A note attached to the papers and obtained by Bloomberg News said they show how Greece used swaps to hide its borrowings, a subterfuge that ended in 2009 when a new government revealed that Greece had been underreporting its budget deficit by half. The result was an instant collapse in market trust that sent Greece’s borrowing costs soaring and pushed the country toward default.
The ECB said in its response to Bloomberg’s request that the documents had informed its policy -- leaving little doubt as to their importance. The bank also said releasing them could undermine confidence in Greece’s ability to pay its debt.
By law, EU citizens have a legal right to see any document that is produced by any EU institution. As always, there are exceptions for reasons of security and other valid concerns. Our discomfort is with the extent of the exceptions as they apply to Europe’s most powerful economic institution.
For instance, a 2004 regulation issued by the ECB allows it to withhold information to protect the public interest as it applies to its own proceedings; the financial, monetary or economic policy of the EU or a member state; and international economic relations. In 2011, another exemption was added for information that might threaten financial stability.
The upshot? Pretty much anything the ECB does is exempt, an unhappy state of affairs enshrined by today’s ruling.
How did the court come to this conclusion? It said it could challenge the ECB’s interpretation of the public interest only if the ECB was “manifestly” wrong on the facts. It also said it had no latitude to balance the ECB’s interpretation of the public interest (in this case, the risk that releasing seven-month-old data and analyses could affect already-turbulent markets) against any wider public interest. That broader interest is self-evident: Given the 240 billion euros ($311 billion) that the Greek collapse has already cost, Europe’s taxpayers and bond investors need to understand what the ECB knew, how it analyzed complex Greek collateral and what it accepted in return for loans.
The law also specifies that if a legal challenge to the ECB’s decision fails, the challenger must pay the central bank’s legal costs. This ruling makes it unlikely that other media companies or interested parties will follow Bloomberg’s attempt.
There was a time when central banks made their decisions behind closed doors and publicly listed companies weren’t compelled to disclose essential commercial data. The U.S. Federal Reserve, for example, didn’t reveal its interest-rate targets until the 1990s. Since then, it has become clear that transparency is good for markets, good for consumers and good for competition. Those days of operating in the dark seem, at best, quaint.
The Fed and the Bank of England are now relatively quick to publish the minutes of their interest-rate deliberations. The ECB, however, isn’t required to publish its minutes for 30 years. The Bank of England also publishes a record of how each member of its Monetary Policy Committee voted. The ECB doesn’t even have to reveal whether a vote was taken. The news conferences that follow ECB rate decisions are a poor substitute for transparency.
As we’ve said before, the ECB’s secrecy limits the scrutiny that proper accountability demands.
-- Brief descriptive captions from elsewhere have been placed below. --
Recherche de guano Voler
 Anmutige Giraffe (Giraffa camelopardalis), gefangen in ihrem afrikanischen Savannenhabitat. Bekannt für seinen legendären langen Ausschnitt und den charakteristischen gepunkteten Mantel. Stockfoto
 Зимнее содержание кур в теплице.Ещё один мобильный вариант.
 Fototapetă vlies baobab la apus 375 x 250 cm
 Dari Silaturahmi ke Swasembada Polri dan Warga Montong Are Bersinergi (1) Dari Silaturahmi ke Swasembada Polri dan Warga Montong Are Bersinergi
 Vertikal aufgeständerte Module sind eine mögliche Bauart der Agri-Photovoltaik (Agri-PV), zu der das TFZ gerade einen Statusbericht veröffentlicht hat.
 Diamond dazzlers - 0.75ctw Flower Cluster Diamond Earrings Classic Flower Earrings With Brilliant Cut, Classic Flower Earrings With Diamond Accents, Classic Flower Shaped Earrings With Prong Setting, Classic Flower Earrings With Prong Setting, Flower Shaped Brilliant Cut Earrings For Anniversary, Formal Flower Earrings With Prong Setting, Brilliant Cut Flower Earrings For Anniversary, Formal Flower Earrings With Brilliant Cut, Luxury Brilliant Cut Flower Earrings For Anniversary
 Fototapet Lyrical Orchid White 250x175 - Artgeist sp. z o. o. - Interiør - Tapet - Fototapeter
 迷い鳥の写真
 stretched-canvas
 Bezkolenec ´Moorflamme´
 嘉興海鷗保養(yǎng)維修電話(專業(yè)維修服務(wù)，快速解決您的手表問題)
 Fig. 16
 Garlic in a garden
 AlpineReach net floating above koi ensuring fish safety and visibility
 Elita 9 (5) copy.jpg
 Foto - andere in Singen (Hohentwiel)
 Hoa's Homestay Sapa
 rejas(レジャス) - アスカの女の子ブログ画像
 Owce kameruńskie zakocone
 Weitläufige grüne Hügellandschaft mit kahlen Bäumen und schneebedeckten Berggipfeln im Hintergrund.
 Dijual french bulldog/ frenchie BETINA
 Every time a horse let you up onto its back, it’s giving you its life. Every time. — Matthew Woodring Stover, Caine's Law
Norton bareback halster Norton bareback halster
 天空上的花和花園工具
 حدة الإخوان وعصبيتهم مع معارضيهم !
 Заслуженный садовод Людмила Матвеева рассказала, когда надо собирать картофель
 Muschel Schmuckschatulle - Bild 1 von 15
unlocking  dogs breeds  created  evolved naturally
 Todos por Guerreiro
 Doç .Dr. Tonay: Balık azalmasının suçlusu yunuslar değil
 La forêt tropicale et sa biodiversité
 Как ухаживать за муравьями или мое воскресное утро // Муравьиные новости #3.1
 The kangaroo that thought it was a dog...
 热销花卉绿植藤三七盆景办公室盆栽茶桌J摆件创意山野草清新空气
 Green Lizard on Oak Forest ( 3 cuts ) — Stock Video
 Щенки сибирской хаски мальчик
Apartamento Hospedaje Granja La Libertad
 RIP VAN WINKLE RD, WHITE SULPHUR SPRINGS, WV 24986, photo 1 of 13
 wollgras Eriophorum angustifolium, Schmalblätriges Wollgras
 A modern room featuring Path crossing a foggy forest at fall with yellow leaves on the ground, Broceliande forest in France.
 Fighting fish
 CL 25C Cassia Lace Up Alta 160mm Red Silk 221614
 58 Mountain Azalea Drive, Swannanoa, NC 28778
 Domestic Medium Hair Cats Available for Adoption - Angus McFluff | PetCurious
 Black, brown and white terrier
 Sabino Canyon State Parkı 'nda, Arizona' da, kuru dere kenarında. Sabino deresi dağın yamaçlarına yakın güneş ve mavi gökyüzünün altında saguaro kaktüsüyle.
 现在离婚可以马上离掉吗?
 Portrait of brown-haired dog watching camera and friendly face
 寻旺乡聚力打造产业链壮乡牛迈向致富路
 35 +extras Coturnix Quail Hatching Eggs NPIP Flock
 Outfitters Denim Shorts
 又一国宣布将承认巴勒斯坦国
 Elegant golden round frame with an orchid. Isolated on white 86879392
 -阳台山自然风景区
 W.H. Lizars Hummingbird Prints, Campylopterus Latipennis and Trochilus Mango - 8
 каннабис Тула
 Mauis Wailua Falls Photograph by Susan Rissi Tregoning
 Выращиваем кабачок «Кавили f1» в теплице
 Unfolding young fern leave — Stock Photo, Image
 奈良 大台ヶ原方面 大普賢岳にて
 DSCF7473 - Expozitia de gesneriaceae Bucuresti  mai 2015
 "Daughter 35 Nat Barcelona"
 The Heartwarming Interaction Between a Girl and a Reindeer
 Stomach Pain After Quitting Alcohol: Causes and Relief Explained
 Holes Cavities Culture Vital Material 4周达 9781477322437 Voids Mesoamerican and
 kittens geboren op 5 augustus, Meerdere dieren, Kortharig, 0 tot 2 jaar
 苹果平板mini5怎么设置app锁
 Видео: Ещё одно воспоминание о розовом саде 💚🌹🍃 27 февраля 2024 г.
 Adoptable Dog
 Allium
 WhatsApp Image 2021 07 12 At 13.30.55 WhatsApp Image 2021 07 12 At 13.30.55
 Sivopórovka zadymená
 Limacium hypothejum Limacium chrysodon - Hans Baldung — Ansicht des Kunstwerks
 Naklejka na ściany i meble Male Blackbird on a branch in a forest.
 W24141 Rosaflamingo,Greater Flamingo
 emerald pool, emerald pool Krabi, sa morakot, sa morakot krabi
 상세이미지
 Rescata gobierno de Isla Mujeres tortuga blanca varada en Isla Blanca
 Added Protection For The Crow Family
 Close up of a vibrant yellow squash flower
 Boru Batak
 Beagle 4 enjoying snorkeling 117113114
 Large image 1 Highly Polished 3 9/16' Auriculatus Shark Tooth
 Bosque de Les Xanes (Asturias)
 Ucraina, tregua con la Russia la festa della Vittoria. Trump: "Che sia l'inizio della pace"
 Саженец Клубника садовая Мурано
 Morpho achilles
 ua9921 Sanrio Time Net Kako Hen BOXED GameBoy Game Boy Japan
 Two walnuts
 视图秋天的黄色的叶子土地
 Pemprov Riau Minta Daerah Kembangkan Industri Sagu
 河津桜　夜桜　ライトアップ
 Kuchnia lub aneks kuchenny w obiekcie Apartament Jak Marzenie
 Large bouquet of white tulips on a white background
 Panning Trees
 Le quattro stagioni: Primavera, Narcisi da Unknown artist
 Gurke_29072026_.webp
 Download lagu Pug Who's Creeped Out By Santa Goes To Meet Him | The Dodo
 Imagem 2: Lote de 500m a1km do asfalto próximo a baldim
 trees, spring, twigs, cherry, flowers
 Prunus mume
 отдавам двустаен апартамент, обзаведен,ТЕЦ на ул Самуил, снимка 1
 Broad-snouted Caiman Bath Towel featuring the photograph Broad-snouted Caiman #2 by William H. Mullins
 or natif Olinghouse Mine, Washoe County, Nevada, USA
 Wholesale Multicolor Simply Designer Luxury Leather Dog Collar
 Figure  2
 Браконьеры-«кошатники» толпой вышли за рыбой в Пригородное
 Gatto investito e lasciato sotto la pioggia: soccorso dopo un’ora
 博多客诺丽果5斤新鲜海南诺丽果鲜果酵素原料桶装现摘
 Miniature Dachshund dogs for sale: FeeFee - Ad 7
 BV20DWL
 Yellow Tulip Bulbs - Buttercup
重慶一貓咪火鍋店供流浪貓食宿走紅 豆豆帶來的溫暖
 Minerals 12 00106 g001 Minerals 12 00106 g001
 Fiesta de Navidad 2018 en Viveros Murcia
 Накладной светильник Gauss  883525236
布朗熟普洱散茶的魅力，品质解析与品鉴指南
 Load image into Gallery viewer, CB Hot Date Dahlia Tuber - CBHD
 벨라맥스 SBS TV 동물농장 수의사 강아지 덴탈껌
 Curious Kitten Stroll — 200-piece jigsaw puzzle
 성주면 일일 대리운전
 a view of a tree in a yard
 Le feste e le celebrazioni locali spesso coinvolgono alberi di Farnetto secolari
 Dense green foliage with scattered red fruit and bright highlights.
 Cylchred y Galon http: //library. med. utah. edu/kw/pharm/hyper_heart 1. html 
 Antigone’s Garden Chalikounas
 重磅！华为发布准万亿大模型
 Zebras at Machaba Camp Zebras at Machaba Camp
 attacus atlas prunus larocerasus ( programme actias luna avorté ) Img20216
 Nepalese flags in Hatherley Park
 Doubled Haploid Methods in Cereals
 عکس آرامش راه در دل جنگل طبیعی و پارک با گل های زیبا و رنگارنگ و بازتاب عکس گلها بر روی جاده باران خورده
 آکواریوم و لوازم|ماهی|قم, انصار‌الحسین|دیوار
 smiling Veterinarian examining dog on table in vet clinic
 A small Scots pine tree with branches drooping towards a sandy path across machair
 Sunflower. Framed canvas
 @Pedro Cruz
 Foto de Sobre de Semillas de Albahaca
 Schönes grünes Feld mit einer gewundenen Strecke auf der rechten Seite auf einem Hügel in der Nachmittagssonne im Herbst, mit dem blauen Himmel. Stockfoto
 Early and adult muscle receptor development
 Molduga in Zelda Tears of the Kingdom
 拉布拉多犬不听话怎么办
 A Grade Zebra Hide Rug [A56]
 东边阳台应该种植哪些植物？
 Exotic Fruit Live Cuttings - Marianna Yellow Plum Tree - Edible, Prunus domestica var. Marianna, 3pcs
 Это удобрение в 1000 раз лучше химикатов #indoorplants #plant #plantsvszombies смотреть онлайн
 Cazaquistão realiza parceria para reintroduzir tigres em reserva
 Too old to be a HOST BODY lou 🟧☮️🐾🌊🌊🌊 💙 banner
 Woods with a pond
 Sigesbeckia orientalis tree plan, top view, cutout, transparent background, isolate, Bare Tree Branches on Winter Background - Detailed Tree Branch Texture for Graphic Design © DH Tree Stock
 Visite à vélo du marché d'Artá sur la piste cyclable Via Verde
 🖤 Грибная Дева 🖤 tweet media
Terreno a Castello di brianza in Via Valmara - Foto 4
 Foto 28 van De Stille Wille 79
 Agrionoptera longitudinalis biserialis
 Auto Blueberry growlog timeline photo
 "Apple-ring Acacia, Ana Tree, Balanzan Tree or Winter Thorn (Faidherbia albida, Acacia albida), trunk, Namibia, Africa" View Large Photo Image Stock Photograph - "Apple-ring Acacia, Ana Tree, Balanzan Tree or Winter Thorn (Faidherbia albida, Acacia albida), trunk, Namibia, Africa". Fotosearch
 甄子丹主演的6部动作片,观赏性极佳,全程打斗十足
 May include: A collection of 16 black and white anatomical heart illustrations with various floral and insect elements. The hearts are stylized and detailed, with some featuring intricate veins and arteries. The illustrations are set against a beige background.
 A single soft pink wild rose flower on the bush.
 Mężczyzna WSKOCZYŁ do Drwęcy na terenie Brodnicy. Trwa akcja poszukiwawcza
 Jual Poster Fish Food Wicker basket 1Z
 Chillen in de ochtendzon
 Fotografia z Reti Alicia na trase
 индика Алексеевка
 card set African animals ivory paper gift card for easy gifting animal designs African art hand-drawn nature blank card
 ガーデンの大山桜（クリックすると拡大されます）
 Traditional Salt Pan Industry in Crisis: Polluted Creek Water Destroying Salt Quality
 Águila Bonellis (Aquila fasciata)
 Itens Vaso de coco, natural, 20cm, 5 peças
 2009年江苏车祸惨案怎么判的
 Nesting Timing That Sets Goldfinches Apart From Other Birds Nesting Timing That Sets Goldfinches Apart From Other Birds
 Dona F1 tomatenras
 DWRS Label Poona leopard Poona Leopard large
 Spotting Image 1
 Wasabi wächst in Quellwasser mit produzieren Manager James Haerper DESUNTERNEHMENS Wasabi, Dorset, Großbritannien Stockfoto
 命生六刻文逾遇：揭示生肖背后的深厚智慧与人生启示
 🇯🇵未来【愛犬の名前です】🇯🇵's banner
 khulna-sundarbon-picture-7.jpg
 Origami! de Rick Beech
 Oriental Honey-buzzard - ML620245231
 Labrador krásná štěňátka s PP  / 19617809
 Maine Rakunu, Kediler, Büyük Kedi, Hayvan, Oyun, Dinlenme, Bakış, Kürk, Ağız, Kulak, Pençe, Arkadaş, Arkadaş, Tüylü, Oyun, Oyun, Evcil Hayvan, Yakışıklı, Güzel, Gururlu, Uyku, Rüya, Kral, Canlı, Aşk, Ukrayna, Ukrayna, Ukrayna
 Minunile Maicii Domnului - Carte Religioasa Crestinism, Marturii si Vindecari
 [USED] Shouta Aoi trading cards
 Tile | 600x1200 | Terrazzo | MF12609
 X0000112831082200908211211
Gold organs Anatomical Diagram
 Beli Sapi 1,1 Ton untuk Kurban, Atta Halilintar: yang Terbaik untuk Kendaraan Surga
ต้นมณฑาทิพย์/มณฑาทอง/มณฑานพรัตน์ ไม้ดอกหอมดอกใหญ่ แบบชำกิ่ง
Secrecy makes it harder for markets to predict where interest rates are headed or what other policies may be coming from an institution that has, in fact if not in law, become the euro area’s lender of last resort. This lack of predictability hurts stability and makes it harder for a young bank, administering a young currency, to gain credibility.
The ECB should publish its minutes within a month and it should reveal the votes that its 23 members cast. We still don’t know what’s in the two documents at issue, but today’s court decision should serve as a warning that the exceptions the ECB has written for itself are too broad and should be tightened. The ECB should have less freedom to withhold information and judges should have more leeway to order its release.